• TASK PROMPT
Starting at the line containing "Black sleeveless dress" and ending at the line containing "Used 2020 Mercedes-Benz CLA 250 image 48", transcribe the listing below exactly. Keep both end lines, skip the pictures, and copy nothing else.

• RECORDS FOR THE TASK
|---|
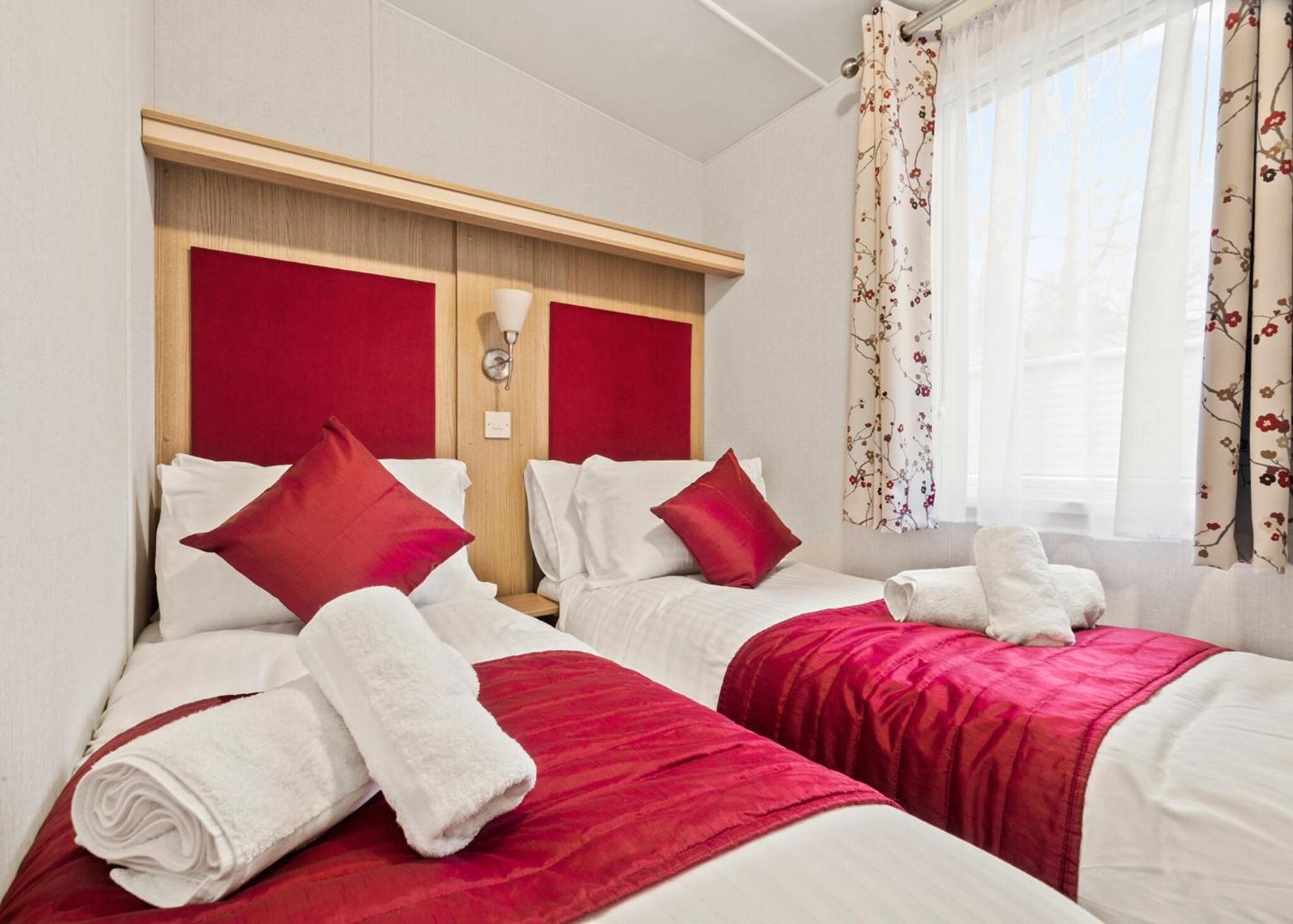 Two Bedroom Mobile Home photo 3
|---|
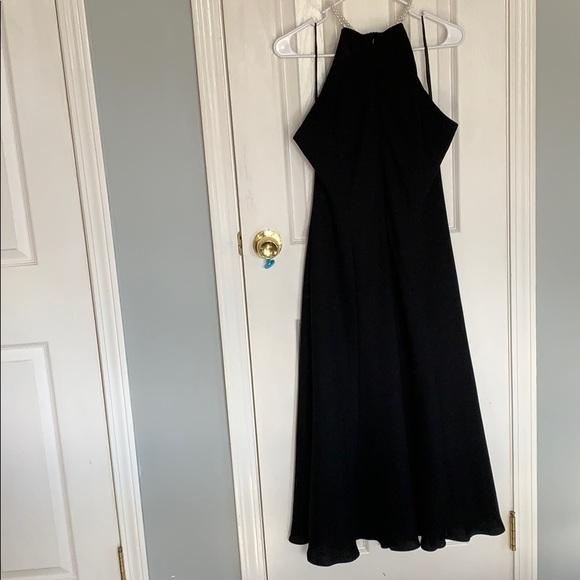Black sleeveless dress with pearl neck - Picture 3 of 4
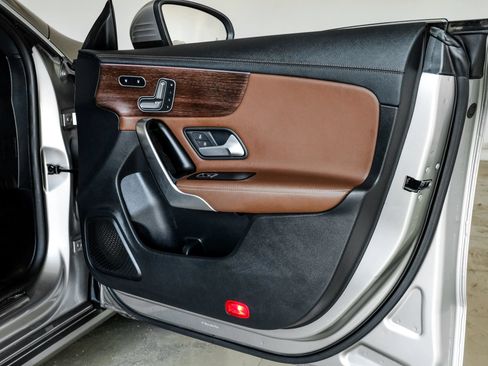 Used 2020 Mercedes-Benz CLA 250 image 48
|---|
• EXERCISE ANSWER
Black sleeveless dress with pearl neck - Picture 3 of 4
 Used 2020 Mercedes-Benz CLA 250 image 48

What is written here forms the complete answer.